Getting a biomedical experiment into orbit takes years, but there's nothing like watching your organisms head for the stars. “I teared up at the launch,” says Mary Bouxsein, a bone biomechanics researcher at the Beth Israel Deaconess Medical Center in Boston who led one of the research projects sent into space last month. “You are quite excited for the launch, and then you take a step back and say, 'We put mice into orbit.'” Here we describe some of the health-related studies that hitched a ride to the International Space Station and back last month aboard Shuttle Atlantis.

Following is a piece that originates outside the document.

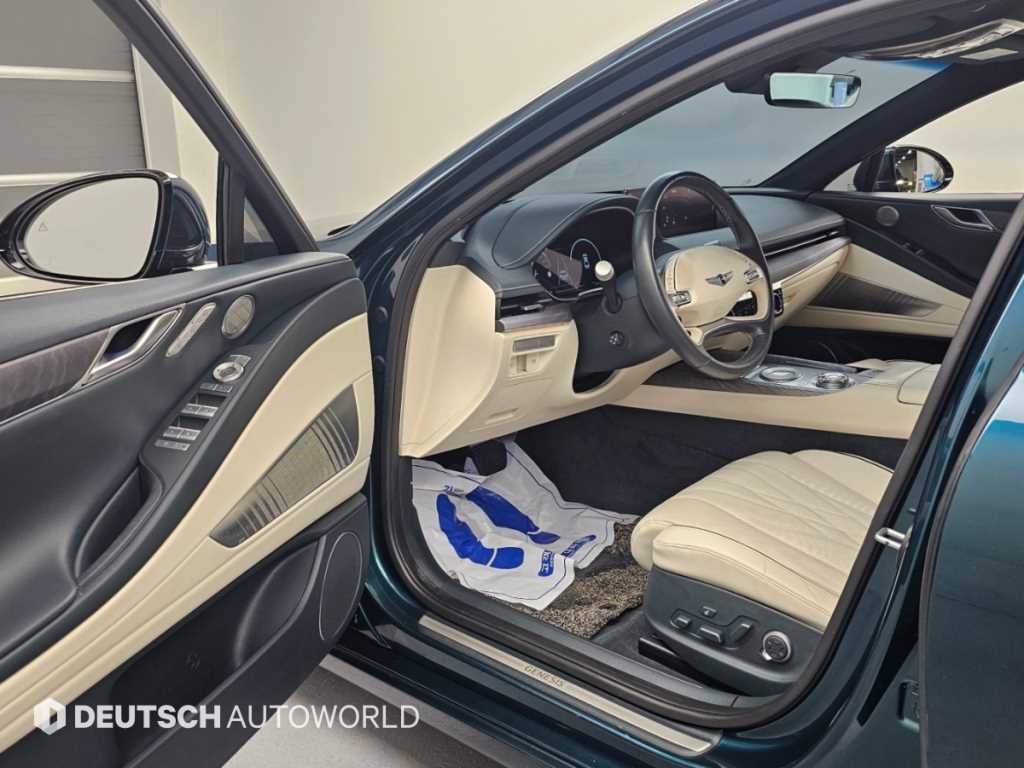 Genesis G80 — photo 11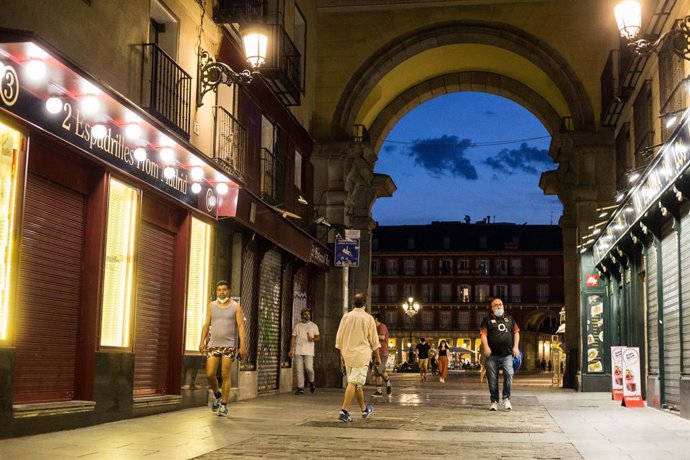 Varias personas pasean por la los soportales de la Plaza Mayor de Madrid durante el primer fin de semana de fase 1 de desescalada por la pandemia de coronavirus COVID19. En Madrid, España, a 29 de mayo de 2020.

Boning up, up and away: US and Belgian researchers, in partnership with the California biotech Amgen, launched 30 mice into orbit, half of which were injected with a sclerotin-targeted antibody designed to boost bone formation.

All sys-stems are go: California scientists sent mouse embryonic stem cells in culture to study the effects of space flight on cell differentiation.

Filming in space: A team from the Rensselaer Polytechnic Institute in Troy, New York grew Pseudomonas aeruginosa and Staphylococcus aureus in flight to see how biofilms form in microgravity.

Flu shot at the sun: Researchers from Arizona State University in Tempe dispatched a Salmonella-based vaccine against pneumococcal pneumonia that they plan to test in mice back on Earth.